Невозможность поэзии | страница 21
У нас в эмиграции есть поэт сравнительно еще молодой, который с темой моей связан, хоть и не знаю, согласился ли бы он с таким утверждением, — Игорь Чиннов. Некоторый недостаток внимания к нему вызван, по-видимому, крайней его «камерностью», и правда, читая его, вспоминаешь иногда остроумное, типично галльское в своей отчетливости замечание Поля Валери: «Ecrire en moi naturel. Tels йcrivent en moi diиse». Чиннов пишет в «moi bйmol», он приглушает тон с той же одержимостью, с какой Цветаева или Маяковский упорствовали в своих диезах. Но его тончайшие стилистические находки, переливчато-перламутровые оттенки иных его эпитетов внушены, мне кажется, двойным отталкиванием: и от эпигонства, и от пышности, за которой можно протащить контрабандой что угодно. Будто эквилибрист на проволоке, он то сделает шаг, то остановится, переводя дыхание, но равновесия не теряет никогда. Ни одного срыва.

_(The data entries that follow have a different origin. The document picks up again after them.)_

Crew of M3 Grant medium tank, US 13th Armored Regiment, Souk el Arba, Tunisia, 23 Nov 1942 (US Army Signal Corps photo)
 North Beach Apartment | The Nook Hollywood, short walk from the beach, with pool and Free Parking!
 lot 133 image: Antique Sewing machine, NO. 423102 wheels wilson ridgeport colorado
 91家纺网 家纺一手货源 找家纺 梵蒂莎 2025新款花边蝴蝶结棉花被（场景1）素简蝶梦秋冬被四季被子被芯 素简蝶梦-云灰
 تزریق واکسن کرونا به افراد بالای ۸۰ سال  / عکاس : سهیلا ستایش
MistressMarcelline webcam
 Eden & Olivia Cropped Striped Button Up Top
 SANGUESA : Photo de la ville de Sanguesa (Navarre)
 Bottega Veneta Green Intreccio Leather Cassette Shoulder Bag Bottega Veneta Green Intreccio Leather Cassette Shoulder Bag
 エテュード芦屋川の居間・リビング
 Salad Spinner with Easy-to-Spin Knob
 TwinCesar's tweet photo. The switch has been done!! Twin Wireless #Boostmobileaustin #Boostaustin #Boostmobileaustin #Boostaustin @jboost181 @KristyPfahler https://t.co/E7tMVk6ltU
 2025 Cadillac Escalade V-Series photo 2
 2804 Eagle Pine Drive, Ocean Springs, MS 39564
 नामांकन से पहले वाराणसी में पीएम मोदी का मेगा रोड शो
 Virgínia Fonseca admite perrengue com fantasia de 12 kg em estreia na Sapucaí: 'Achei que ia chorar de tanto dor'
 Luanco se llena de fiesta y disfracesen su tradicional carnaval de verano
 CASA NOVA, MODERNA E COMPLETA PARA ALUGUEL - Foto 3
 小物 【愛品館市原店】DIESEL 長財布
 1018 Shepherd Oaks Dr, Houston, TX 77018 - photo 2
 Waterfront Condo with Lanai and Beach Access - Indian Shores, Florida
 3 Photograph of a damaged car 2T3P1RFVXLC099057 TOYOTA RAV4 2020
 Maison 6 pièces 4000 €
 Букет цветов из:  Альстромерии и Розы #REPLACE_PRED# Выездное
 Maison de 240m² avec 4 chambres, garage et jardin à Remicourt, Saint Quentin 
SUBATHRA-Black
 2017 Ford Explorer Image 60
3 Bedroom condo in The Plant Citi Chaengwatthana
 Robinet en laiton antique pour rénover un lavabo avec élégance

Опять вспомню Валери: «будет ли еще в Европе что-нибудь великое» или «будет ли двадцать первый век?» — как спросил себя недавно один из наших русских писателей.
Недоумение относится к творчеству, хотя в наш «атомный» век истолковать его можно шире и тревожнее. Это распространяющееся теперь ощущение иногда сопоставляется с позднеримским, тем, которое запечатлено в знаменитом верленовском сонете — «все выпито, все съедено, plus rien a dire». Но на Рим надвигалась неизвестность, огромное темное варварство, притом таившее в себе не меньше сил, чем было их в классической древности. Сейчас в мире светло: все ясно, все подсчитано, неизвестности прийти неоткуда. А стремительное ускорение технического прогресса оказалось для искусства настолько заразительным, что в последние сто лет оно больше сменило форм, больше отвергло, большим увлеклось, больше возненавидело или провозгласило — словом, больше проявило нетерпения и непоседливости, чем за два тысячелетия до того: у Пушкина с Горацием, например, общие черты очевиднее, чем у Пушкина и Хлебникова или у Пушкина и французских сюрреалистов. И нетерпение это, непоседливость эта все усиливается…
В первые, озорные футуристические годы был человек по имени Василиск Гнедов, считавшийся поэтом, хотя, кажется, он ничего не писал. Его единственное произведение называлось «Поэма конца». На литературных вечерах ему кричали: «Гнедов, поэму конца!» «Василиск, Василиск!» Он выходил мрачный, с каменным лицом, именно «под Хлебникова», долго молчал, потом медленно поднимал тяжелый кулак — и вполголоса говорил: «Всё!». В будущем, вероятно, найдутся поэты более словоохотливые, но это «всё!» теперь, с оглядкой чуть ли не полвека назад, представляется символическим. Как продолжить, как развить поэзию? А если невозможно развитие, удержится ли в поэзии жизнь? «Будет ли двадцать первый век?»